About this task
All lines of the listing that contain "Knee" should be shown in full.

Source material

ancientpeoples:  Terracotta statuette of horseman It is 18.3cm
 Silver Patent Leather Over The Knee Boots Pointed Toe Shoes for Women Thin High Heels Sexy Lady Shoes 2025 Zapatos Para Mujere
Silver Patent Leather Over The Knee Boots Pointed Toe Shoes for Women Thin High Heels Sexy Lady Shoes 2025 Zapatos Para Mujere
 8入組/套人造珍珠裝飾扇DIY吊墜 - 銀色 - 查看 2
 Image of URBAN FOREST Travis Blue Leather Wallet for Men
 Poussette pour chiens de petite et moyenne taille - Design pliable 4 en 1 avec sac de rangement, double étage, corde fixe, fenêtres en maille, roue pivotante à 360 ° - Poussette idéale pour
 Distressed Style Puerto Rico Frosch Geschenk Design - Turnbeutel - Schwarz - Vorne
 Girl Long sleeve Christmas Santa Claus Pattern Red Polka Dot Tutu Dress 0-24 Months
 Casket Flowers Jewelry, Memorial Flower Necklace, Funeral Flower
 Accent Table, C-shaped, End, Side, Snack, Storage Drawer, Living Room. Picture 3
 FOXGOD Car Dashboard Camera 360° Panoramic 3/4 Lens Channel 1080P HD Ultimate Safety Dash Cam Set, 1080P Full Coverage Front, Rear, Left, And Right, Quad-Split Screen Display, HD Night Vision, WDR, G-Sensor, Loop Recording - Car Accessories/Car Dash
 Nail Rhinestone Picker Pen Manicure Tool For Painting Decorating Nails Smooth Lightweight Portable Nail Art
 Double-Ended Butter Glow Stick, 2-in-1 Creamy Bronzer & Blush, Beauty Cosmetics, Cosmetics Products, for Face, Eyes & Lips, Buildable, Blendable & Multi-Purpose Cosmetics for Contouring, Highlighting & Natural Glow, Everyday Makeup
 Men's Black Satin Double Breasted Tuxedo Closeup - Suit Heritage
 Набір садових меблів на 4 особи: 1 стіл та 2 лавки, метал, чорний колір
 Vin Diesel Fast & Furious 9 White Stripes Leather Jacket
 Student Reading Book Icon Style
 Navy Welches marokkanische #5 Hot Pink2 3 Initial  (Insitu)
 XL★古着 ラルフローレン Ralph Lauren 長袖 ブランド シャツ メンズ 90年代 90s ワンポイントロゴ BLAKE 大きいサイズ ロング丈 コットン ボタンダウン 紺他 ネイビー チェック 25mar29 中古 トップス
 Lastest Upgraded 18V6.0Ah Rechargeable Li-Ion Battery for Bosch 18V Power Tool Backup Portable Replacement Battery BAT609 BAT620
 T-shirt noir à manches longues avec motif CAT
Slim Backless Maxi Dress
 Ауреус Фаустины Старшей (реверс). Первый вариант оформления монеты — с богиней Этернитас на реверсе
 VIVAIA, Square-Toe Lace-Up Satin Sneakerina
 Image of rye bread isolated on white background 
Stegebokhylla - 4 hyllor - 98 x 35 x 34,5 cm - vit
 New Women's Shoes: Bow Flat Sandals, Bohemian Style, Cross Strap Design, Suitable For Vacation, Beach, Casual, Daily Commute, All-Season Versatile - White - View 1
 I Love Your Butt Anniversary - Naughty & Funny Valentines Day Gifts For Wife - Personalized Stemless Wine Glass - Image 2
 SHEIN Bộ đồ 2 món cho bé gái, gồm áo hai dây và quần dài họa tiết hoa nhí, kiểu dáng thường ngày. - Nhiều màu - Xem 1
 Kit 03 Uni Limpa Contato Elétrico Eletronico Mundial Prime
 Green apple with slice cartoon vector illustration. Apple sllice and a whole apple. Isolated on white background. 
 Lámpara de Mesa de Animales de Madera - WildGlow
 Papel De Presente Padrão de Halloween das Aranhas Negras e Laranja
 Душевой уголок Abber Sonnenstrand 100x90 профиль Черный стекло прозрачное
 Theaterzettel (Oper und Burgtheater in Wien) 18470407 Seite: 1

Exercise solution
 Silver Patent Leather Over The Knee Boots Pointed Toe Shoes for Women Thin High Heels Sexy Lady Shoes 2025 Zapatos Para Mujere
Silver Patent Leather Over The Knee Boots Pointed Toe Shoes for Women Thin High Heels Sexy Lady Shoes 2025 Zapatos Para Mujere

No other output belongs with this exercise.